A celebrated teacher and prolific writer as well as a designer, Gary brings forward a passion for landscape architecture’s history and its future potential everywhere he works. He leads commissions that draw upon the traditions of American landscape architecture, from Olmsted to Kiley to Oberlander, while also innovating within those traditions for our own time. Since co-founding the practice in 2000 with Douglas Reed, he has been responsible for several projects that enrich and advance urban forestry practices, from a single plaza to a district to an entire city. Notable current projects for Gary include the repositioning of New York City’s Lever House and a major expansion to Storm King Art Center.
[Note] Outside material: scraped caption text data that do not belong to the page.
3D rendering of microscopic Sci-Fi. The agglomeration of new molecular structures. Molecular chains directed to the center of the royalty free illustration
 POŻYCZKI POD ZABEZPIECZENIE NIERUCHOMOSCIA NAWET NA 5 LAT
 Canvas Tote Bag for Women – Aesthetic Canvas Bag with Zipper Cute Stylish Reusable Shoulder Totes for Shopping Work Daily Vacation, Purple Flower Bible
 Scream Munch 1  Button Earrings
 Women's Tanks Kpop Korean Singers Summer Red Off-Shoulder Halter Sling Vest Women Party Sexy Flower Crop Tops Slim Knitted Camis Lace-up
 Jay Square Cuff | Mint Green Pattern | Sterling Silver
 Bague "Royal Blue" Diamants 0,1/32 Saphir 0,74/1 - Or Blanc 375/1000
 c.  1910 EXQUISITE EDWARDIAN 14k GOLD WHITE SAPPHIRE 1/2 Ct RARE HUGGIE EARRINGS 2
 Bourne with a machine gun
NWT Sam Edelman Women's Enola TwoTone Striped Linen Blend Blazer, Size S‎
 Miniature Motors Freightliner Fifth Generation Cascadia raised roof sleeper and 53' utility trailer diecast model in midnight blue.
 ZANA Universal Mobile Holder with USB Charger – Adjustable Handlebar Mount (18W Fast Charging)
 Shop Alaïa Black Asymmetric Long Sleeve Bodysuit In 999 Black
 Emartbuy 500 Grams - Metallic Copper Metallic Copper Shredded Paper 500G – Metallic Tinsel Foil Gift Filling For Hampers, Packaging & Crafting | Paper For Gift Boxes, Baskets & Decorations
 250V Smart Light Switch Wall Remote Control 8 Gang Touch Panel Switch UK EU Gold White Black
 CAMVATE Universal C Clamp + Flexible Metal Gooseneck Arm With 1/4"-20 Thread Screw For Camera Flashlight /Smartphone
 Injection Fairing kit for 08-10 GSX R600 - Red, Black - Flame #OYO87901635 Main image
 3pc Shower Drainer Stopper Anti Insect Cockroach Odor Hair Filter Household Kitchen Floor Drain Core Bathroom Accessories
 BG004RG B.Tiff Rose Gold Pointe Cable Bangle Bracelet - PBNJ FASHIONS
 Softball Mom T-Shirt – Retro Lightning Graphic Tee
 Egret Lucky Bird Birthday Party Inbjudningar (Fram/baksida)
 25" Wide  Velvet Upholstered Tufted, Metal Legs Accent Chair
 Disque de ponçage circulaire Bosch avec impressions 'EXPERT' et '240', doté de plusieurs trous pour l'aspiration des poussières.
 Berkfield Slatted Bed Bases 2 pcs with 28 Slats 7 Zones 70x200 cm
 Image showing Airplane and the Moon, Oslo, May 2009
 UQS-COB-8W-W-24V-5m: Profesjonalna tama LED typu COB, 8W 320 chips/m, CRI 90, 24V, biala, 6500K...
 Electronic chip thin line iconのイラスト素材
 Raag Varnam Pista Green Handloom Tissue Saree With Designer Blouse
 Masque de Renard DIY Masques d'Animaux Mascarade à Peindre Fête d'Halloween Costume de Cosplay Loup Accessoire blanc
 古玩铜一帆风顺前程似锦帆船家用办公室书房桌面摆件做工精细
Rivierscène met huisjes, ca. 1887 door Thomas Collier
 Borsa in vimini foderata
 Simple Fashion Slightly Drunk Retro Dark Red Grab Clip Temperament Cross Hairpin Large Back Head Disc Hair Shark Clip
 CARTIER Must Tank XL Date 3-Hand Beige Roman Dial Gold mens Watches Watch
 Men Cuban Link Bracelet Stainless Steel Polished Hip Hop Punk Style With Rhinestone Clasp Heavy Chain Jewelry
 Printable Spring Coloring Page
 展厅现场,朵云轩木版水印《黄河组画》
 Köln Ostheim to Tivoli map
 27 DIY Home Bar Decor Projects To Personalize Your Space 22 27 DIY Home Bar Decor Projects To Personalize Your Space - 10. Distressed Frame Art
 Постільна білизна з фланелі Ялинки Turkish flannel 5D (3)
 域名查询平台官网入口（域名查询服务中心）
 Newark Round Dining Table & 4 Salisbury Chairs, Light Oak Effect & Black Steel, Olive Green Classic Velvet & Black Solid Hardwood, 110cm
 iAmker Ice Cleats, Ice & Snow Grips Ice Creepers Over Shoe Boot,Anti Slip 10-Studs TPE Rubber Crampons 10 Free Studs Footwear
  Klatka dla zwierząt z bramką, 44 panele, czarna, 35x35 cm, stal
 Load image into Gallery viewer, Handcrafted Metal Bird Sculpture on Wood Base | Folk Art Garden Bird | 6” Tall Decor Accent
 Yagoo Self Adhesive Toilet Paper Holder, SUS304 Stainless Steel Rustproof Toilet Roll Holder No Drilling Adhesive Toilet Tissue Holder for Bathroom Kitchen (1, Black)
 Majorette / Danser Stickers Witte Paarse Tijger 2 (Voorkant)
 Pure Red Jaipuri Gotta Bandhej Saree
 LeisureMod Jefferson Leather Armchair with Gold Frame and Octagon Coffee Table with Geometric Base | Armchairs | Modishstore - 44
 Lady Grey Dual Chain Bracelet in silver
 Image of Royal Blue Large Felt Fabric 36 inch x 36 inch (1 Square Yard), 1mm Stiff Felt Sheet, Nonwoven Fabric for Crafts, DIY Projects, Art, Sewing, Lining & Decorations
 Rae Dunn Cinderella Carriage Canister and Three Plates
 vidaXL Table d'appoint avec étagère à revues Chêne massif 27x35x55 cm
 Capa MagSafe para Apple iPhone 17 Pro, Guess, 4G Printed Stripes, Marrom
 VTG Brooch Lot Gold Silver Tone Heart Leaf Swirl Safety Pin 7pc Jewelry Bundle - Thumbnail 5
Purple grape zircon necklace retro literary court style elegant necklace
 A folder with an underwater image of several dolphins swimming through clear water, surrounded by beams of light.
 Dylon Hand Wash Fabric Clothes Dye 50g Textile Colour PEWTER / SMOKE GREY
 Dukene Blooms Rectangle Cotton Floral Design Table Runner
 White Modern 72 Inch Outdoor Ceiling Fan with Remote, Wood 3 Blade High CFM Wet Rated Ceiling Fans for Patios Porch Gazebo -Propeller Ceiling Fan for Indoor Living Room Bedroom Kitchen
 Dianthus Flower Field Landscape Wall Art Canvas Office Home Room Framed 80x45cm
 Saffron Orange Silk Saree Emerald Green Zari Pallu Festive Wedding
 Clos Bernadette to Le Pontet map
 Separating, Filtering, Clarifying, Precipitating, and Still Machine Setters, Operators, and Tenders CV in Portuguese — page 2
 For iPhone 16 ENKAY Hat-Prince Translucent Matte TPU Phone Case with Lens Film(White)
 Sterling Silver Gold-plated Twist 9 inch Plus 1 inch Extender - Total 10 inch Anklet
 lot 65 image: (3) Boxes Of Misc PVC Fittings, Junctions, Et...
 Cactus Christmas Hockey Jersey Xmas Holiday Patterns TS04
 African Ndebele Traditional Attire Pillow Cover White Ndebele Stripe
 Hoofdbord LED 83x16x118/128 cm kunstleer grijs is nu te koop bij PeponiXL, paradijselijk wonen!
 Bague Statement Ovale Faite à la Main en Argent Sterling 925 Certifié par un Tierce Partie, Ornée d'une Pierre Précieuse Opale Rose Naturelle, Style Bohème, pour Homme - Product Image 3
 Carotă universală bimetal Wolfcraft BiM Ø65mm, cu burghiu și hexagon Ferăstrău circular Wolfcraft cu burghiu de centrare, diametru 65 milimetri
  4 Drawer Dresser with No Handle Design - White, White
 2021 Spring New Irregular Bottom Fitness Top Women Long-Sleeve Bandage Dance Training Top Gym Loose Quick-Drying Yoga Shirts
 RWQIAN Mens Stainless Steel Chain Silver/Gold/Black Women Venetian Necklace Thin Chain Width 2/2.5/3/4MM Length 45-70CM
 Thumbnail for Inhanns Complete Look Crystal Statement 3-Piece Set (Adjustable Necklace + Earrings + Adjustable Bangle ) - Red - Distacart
Gary is also the Peter Louis Hornbeck Professor in Practice at the Harvard Graduate School of Design, where he has taught since 1990, and Chair of the GSD’s Department of Landscape Architecture, effective July 1, 2022. His honors include Harvard University’s Charles Eliot Traveling Fellowship, the Rome Prize in Landscape Architecture, the Architectural League’s Emerging Voices Award with Douglas Reed, and the 2013 ASLA Firm of the Year award. Design Intelligence named Gary one of its “25 Most Admired Educators” of 2016. Gary is the recipient of the 2017 ASLA Design Medal, the highest honor available to an American landscape architect.

Through three widely acclaimed books and two dozen essays, Gary has helped to position landscape architecture’s role in reconciling intellectual and cultural traditions with contemporary forces of urbanization and change. His essays have been featured in Landscape Architecture, Topos, Harvard Design Magazine, Architecture Boston, Clark Art Journal, Arnoldia, New England Journal of Garden History, and Land Forum. In addition to his co-authorship in the firm’s 2012 monograph, Visible Invisible: The Landscape Works of Reed Hilderbrand, he produced two other monographs: (Making a Landscape of Continuity: The Practice of Innocenti & Webel* (1997), which was recognized by ASLA and AIGA (50 Best Books); and The Miller Garden: Icon of Modernism (1999).

Gary grew up in New York’s Hudson Valley surrounded by many siblings and extended family. From an early age, he had a love for music and sportscars, and a passion for environmental issues. A gifted copy of Ian McHarg’s foundational Design with Nature introduced him to landscape architecture. He earned his BLA from The State University of New York College of Environmental Science and Forestry and his MLA from the Harvard Graduate School of Design. Gary loves to cook and experience operas at the Met in New York City. He is an admirer of the London Plane, Live Oak, and American Beech.